Lots of things are coming to a head this week: work assignments, training plans, soccer tournaments, the destruction of my retirement savings, and, of course, those ever loving leaves that drop in spurts of only a couple dozen a day littering my yard. It’d be so nice if that pesky little tree dandruff could agree on a ‘drop’ date and just get it over with already.
The pressure is building…
Sometime this weekend, I’ll knock out my 21 miler and then call it a taper. Not sure if it’ll be before or after my son’s soccer tournament, daughters game, or my customary weekend fit of rage. It’ll get done though. Dreams of crackheadedness will no doubt haunt my long run once again.
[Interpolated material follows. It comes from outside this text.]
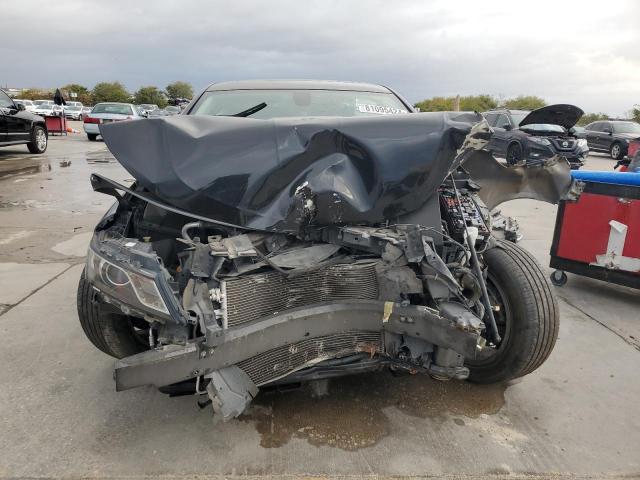 Photo 5 from auction – 2016 CHEVROLET IMPALA LT with VIN 2G1105SA6G9119686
One by one I’m plucking the mountain of tasks off my checklist. Each completed in half ass fashion. There’s simply no time to do any of them thoroughly. Need the TPS report completed at work? Here it is. Of course, I know it’ll come back to me after it’s reviewed as it’s rife with inaccuracies and falsehoods but that’ll buy me a week anyhow. Need to rake the yard? Why do it now? The little buggers are just going to keep falling. Might as well wait until they are all off the tree. Between now and then, a huge wind storm might blow through making it my neighbors problem anyhow.
The training runs? Oh, those get completed on schedule and with due diligence. I massage this task like I’m working a whitehead into a fine conical point in the bathroom mirror. Calmly. Confidently. Precisely.
See, the disadvantage work has is that it does not help me train for a marathon. If anything, it hurts it (other than equipping me with the ability to afford race fees, Gu, and shoes at regular intervals.) Until my office decides to make me Senior Marathon Runner with exceptional pay and benefits instead of Easily Replaceable Atonamaton, they’ll have to continue to deal with half ass work and a snarky attitude.
Since I treated my 20 miler a few weekends ago as a race pace practice run, this weekend's 21 will be done, hopefully, a bit slower. It’s time to cover some distance at a bit easier pace. There’s nothing to be gained by cranking out 21 miles at race pace three weeks before the marathon. This is all about confidence. More than the physical, I need the mental reassurance that 20+ miles on a given weekend is within my range. No matter how many marathons I run, there is still something a bit intimidating to me about the 20 mile mark. But I’m fearful of most numbers without a square root and also divisible by 5. I’ve been that way for years.
Squeeze it. Poke it. Pinch it.
By the time this week is over and I’m rounding the bend on final mile number 21 with taper in sight, I figure I’ll have the same euphoric sense of accomplishment as when I defeated those engorged pores all over the bathroom mirror as a teenager. (Pop! Ahhhh. Uh-oh, get some Kleenex it dug too deep! Mom, someone made a mess all over the mirror! Can you come clean it up?) But approaching taper is just like prepping for Picture Day at school. You would like to deflate those skin volcanoes but, if not, you can always turn a little to the right for one of those artsy profile shots to hide the eruptions.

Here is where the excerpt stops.